I'm always impressed with the personal element in your reviews. This one in particular. Sounds like an excellent read--thanks for the review.


Sarah Laurence said...

Lucy and Linda, thanks!

troutbirder, my mom just went out and bought this book to educate herself.

ACiL, that is great news about the UK teaching Sex Ed! I agree with what you said about respect. Part of the reason I write YA is to address these issues at an age when kids are still forming their sense of what is right or normal.

Linda, thanks! Nikki and her dad thanked me, although the choice to review this book was my own.

Alyssa, thanks so much! The books I like best often touch me on a personal level, this one especially.

Stacy said...

I thought I had commented on this yesterday. Seems not.

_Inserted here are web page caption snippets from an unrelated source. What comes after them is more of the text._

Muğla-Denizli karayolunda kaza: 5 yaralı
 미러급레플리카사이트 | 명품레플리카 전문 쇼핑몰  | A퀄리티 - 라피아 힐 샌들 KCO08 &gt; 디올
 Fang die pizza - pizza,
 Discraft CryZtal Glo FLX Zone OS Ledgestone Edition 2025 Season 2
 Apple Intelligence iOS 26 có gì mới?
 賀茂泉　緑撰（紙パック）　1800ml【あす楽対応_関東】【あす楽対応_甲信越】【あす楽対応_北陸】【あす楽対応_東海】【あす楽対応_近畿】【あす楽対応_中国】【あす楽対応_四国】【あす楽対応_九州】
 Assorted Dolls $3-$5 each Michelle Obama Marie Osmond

It's fun to have the behind-the-scenes photos of Nikki, along with the review. I must confess I know very little about transgender issues and should probably become educated on the matter.

Sarah Laurence said...

Stacy, this book is educational, covering the science and some of the legal history. The personal angle humanizes the facts.

Barrie said...

What a wonderful review about an important book. And I agree with the others...the personal touch adds another layer. Thank you for including photos. I'll definitely read Becoming Nicole. I'd like my daughter to read it, too. She a very accepting person, but I think it's good to know a bit of the science behind things, too. Thanks for reviewing!

Petra Pavlátková said...

Sarah, it must have been an interesting and educating experience to get to know someone like Nicole and her family personally and to be able to read about the struggles and decisions they went through. These stories always make me think about how far we can and should go in our transformation. As open as I try to be, it would be difficult for me too if my kid came home announcing they wanted such a change...

Jenn Jilks said...

The USA is having such a problem with this issue.
It all boils down to reciprocity.
People can be so fearful.

Good work, reviewing this. Good work, doing what you do!

Sarah Laurence said...

Barrie, I'm looking forward to chatting about this book with you. Thanks for reading, sharing, and hosting!

Petra, it wasn't easy for Nicole's father, but this book is important to read as a parent not only to understand what being transgender means but also as a guide to parenting. As our kids mature, we all encounter differences and struggle to understand their world from their perspective before making parenting decisions. Nicole didn't have surgery until she was 18, which is a legal adult in Maine.

Jenn, especially recently. It's painful seeing the progress in transgender rights in recent years being reversed by the new administration. Luckily, legal precedent still stands.

thecuecard said...

Thanks for the review. Sounds like a great book, also for understanding the issue better. I was at The Post for 15 years so it is great Amy is there now. Sounds like a terrific journalist.

Sarah Laurence said...

Cue, she's a talented writer. It must have been a wonderful experience working at the Post. My friend John Kelly is a columnist there.